More likely than not, you will first need to expose your pi (or whatever device you want to control the Govee lights) to the internet. While there isn't one guide for every single router, you need to log onto your router and find some setting along the lines of "NAT Forwarding." There should be options to add either rules or devices, and click that option. The external port is the port that gets exposed to the internet, the IP address should be the IP address of the device controlling the Govee lights and the internal port is the port you choose to set the server up on, on the device.

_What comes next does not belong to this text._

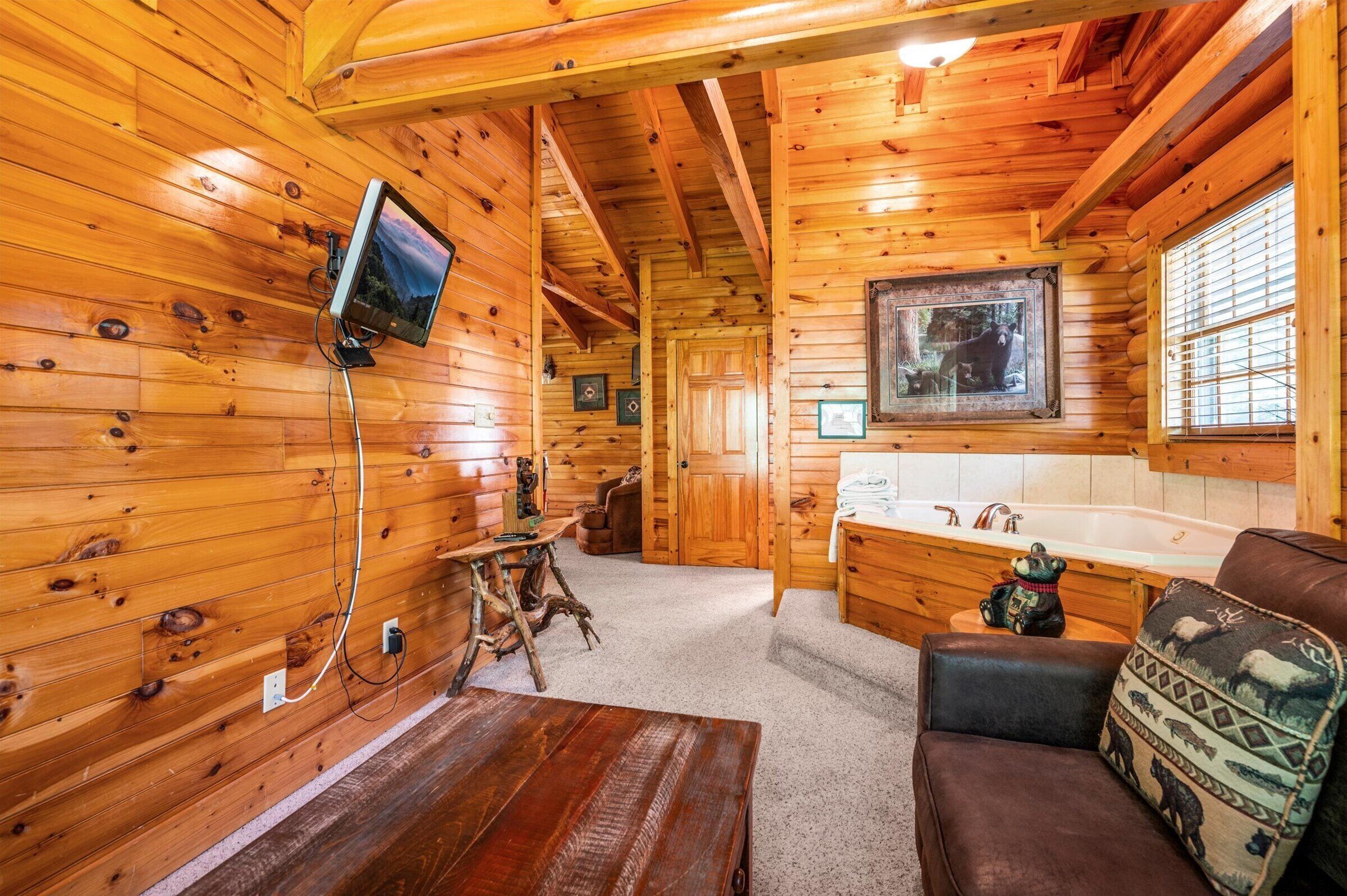 Interior de una cabaña de troncos con detalles de madera, un televisor montado, una bañera y una zona de estar acogedora.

Also, make sure you know your public IP address (which you can find out by Googling "whats my ip address").

Once that is done, go to constants.py and set server_port to whatever you chose your internal port to be, and set your server_secret to whatever you can use as a unique identifier. This is just so hackers and tech-savvy friends can't mess with you and strobe your lights or make fake alarms whenever they want.

Then, just go through each of controller.py, tool.py, and server.py and fill in details that are relevant to you or add functionality if you see fit.

Using IFTTT with Google Home/Amazon Alexa

Once you've installed IFTTT and made an account, create a new applet. The "If" part should be either from Google Assistant or Amazon Alexa depending on what smart device you have, so search it in the toolbar and connect the service. You can choose to have whatever voice command trigger the service, it's up to you! Make sure you use a "$" if you want to arguments in your command like "Wake me up at $" to wake you up at whatever time "$" becomes.

Then the "then that" part should be a webhooks service. The URL should be your public ip with port formatted like "http://URL:PORT" with one of "/alarm" "/strobe" "/end_strobe" or a custom endpoint you put in server.py.

"/alarm" uses POST requests, so set the request type to "POST" and body to "alarm=[TextField]&key=[Whatever your server key was]". The textfield ingredient can be added by clicking the "Add Ingredient" button at the top-left of the keyboard.

"/strobe" and "/end_strobe" use GET requests, so set the request type to that. Instead of placing the key in the body, place it in the URL after the endpoint like so "http://URL:PORT/endpoint?key=[Whatever your server key was.]"

If you add other endpoints to server.py, add them to IFTTT and you'll be all good!

Then, to start up the server, just run nohup python3 server.py > server_log 2>&1 & to start up the webserver in the background, and enjoy the control you now posses over your Govee devices!

Random advice, from my experiences

I've been using this basically every day to help me wakeup using the wakeup feature. I've found that sometimes the bluetooth controller just stops connecting after a couple of days of uptime. To combat this, I basically just setup a cronjob to restart my pi at 1AM every day, as well as on every reboot starting up the webserver. Since doing thos, I haven't experienced any connection failures. If they do continue, however, I'll try and examine more about why it's happening and commit a fix for it.